The proposed changes in a draft bill “are broadly in line with our expectations that the tax credits would be phased out earlier than currently written in law, but not repealed immediately,” Brett Castelli, an equity analyst at Morningstar, wrote in a note to clients.
Solar stocks led by First Solar soared on the news Tuesday. “We believe the market speaks more to calming investor fears of a worst-case scenario than the outcome being materially better than expected,” he added.
GE Vernova, the top wind turbine supplier in the US and fellow giant Vestas, also surged even though that sector did not fare as well in the draft. NextEra Energy, the solar and wind market pacesetter here, rose a modest $3/share in early afternoon trading.
The tax credits, available in the Inflation Reduction Act (IRA), are the most generous in the industry’s history. Prior President Joe Biden views the 2022 law, the nation’s most ambitious effort to address climate change, as his signature legislative achievement.
His administration, however, estimated their cost at $369bn, a fraction of $1trn to $2.2trn forecast by private energy analytical firms and money centre banks.
Two main reasons: no cap on their use, in most cases, and the 2032 date for their expiration is pegged to the US lowering power sector emissions to 25% of 2022 levels. As this would be difficult to achieve, the credits could remain in place for numerous additional years, according to some Republicans.
The 389-page bill, which the tax-writing Ways and Means Committee in the House of Representatives is expected to approve later today (Tuesday), would move forward sunset dates for some subsidies, while preserving others.
Tax credits for clean hydrogen production, and purchase of new and used electric vehicles would expire at the end of this year. The exception: end of 2026 for manufacturers that produce less than 200,000 vehicles.
Technology-neutral, zero-emissions clean energy investment and production tax credits, known as Section 48E and Section 45Y, respectively, would begin to phase down in 2029 – 80% of present value, 60% in 2030, 40% in 2031, and go away in 2032.
These cover wind, solar, geothermal, batteries, and certain other clean energy technologies. A separate credit for nuclear energy would also phase down on this timeline.

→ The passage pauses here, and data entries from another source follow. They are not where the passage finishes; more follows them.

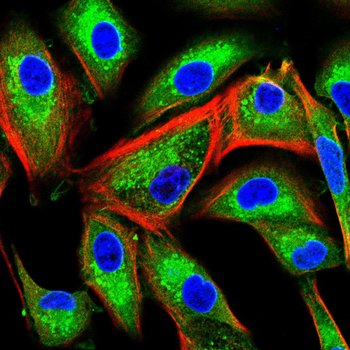 KL Antibody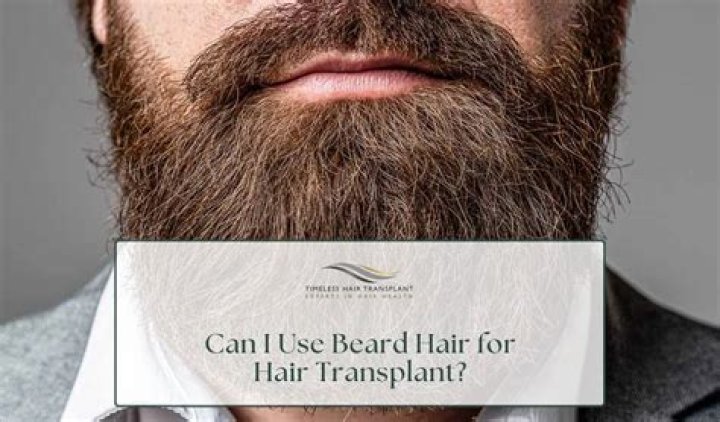 Can I use beard hair for hair transplant?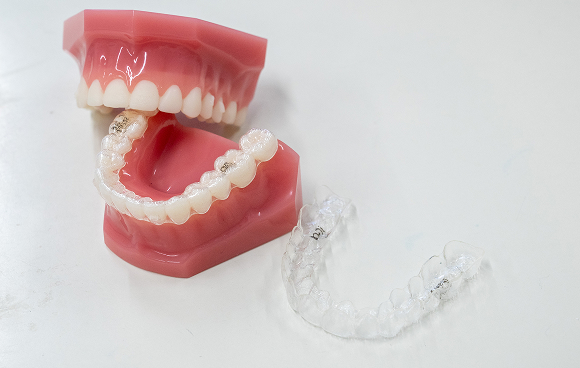 インビザライン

Importantly, the draft makes it more difficult for projects to qualify for the credits by first placing them “in service,” versus the year they begin construction under the IRA.
Tax incentives for clean energy manufacturing would end in 2027 for wind energy components but continue through 2031 for other clean energy technologies.
Also, set to continue would be tax credits for carbon capture and storage along with direct air capture.
In all cases, the bill places stricter limits on foreign ownership of projects that could potentially qualify for tax credits.
The IRA’s new transferability feature, which allows project sponsors to sell clean energy tax credits to third-party buyers for cash, would phase out at the end of 2027.
The bill is the core of massive tax and spending legislation sought by Trump that includes extending his 2017 tax cuts that expire at the end of this year. It reduced both corporate and individual taxes for most households.
To help reduce the roughly $5trn cost over the next decade, Trump is looking to slash federal spending that includes a large chunk of IRA green funding.
Republicans intend to pass his so-called "big beautiful bill" using the budget reconciliation process that requires a simple majority vote in the House and Senate.
This is what opposition Democrats under Biden did to pass IRA which did not receive a single Republican vote.
Republicans have a 220-213 majority in the House and 53-47 control in the Senate where Vice President JD Vance in his role as Senate president could cast the deciding affirmative vote in the unlikely event the bill is deadlocked 50-50 when brought to the floor.